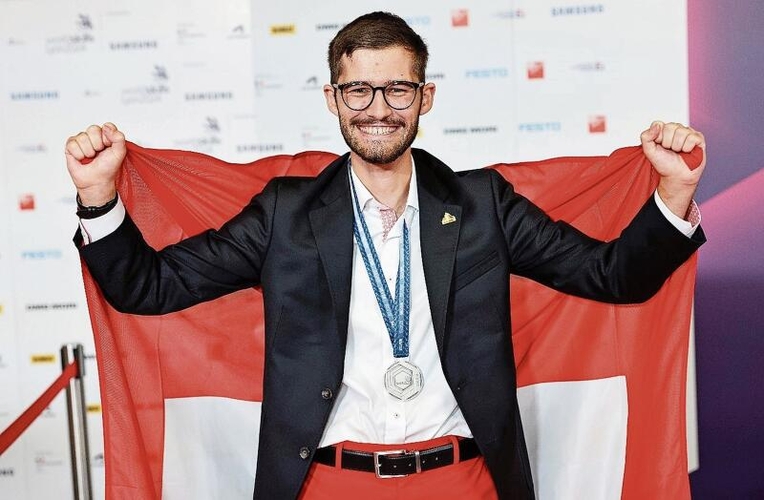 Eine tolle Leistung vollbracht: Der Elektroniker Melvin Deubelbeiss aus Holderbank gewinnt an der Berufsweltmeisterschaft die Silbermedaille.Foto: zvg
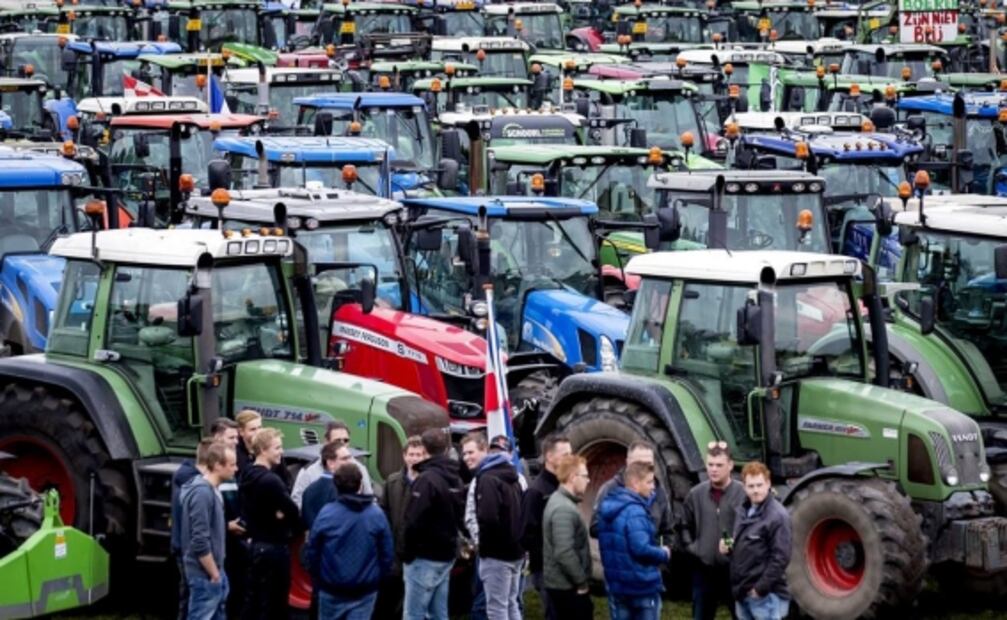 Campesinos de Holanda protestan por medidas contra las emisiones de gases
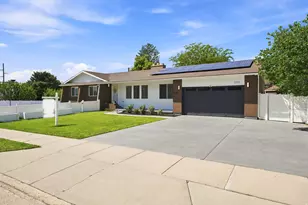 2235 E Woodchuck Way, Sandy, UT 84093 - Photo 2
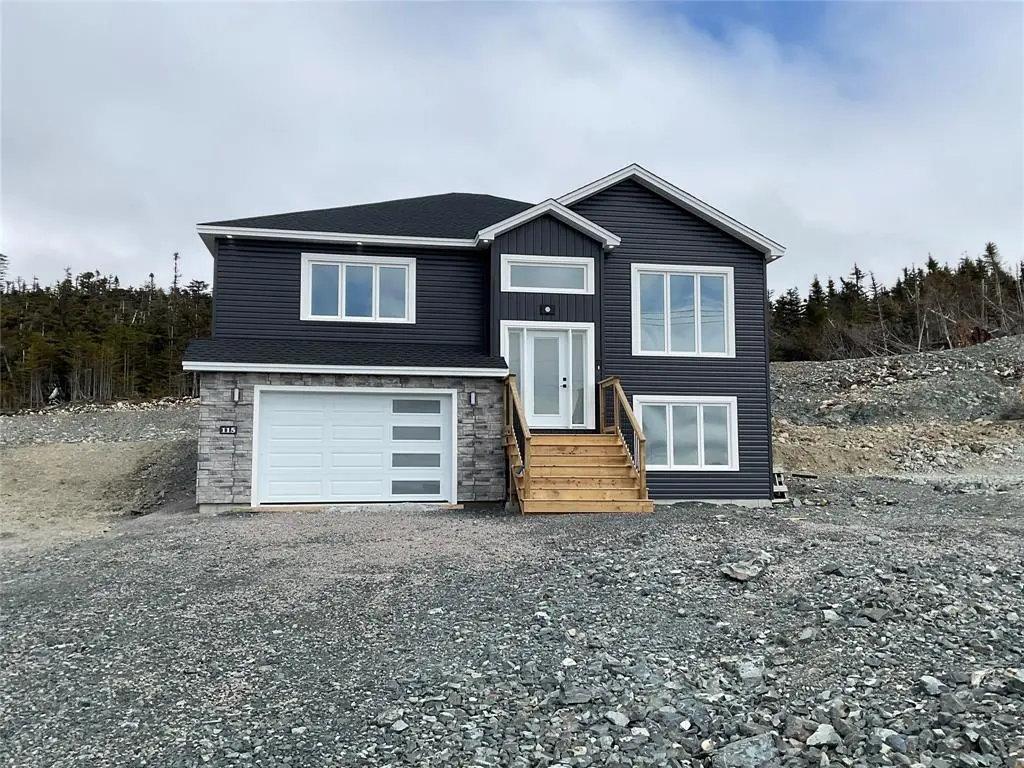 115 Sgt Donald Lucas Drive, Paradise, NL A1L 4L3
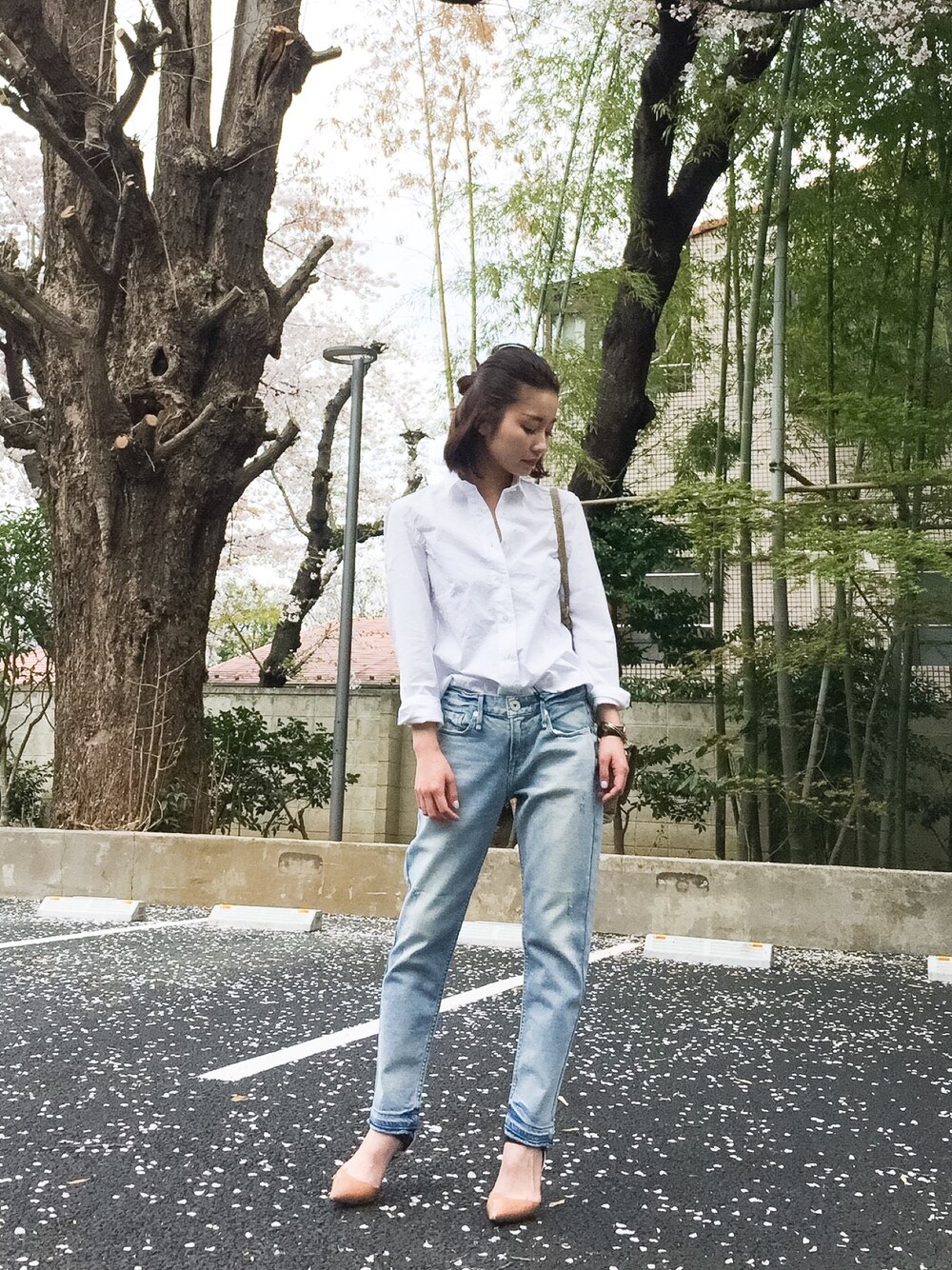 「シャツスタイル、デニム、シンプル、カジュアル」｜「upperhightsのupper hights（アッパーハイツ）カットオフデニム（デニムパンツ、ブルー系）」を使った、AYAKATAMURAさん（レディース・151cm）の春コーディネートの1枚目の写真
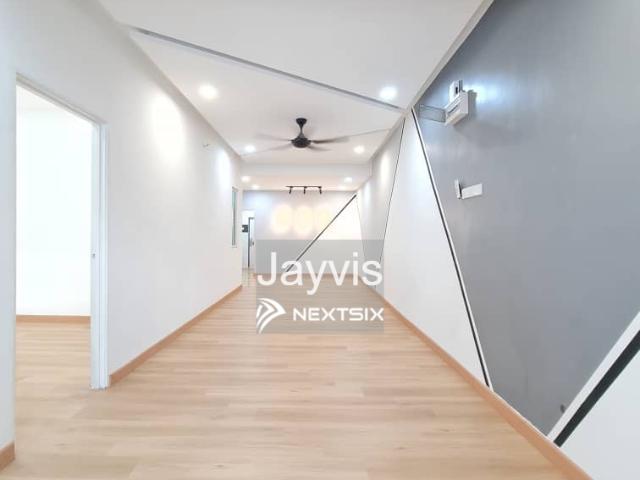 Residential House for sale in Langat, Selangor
★ ★ ★ ★ ★ ★ ★
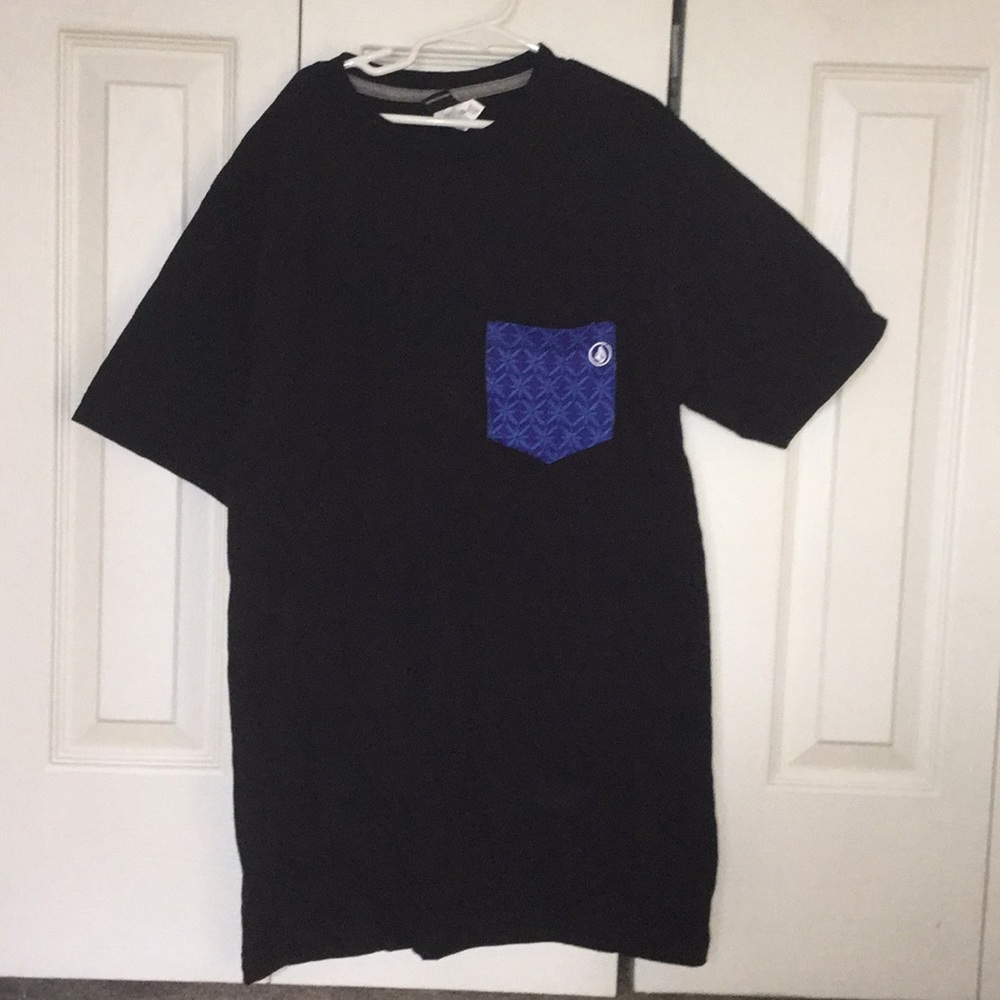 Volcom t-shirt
★ ★ ★ ★ ★ ★ ★
Problem details: Where a picture appears in the records above, omit it, and transcribe exactly the stretch of lines from the one with "Eine tolle Leistung" through the one with "Residential House for".

Output:
 Eine tolle Leistung vollbracht: Der Elektroniker Melvin Deubelbeiss aus Holderbank gewinnt an der Berufsweltmeisterschaft die Silbermedaille.Foto: zvg
 Campesinos de Holanda protestan por medidas contra las emisiones de gases
 2235 E Woodchuck Way, Sandy, UT 84093 - Photo 2
 115 Sgt Donald Lucas Drive, Paradise, NL A1L 4L3
 「シャツスタイル、デニム、シンプル、カジュアル」｜「upperhightsのupper hights（アッパーハイツ）カットオフデニム（デニムパンツ、ブルー系）」を使った、AYAKATAMURAさん（レディース・151cm）の春コーディネートの1枚目の写真
 Residential House for sale in Langat, Selangor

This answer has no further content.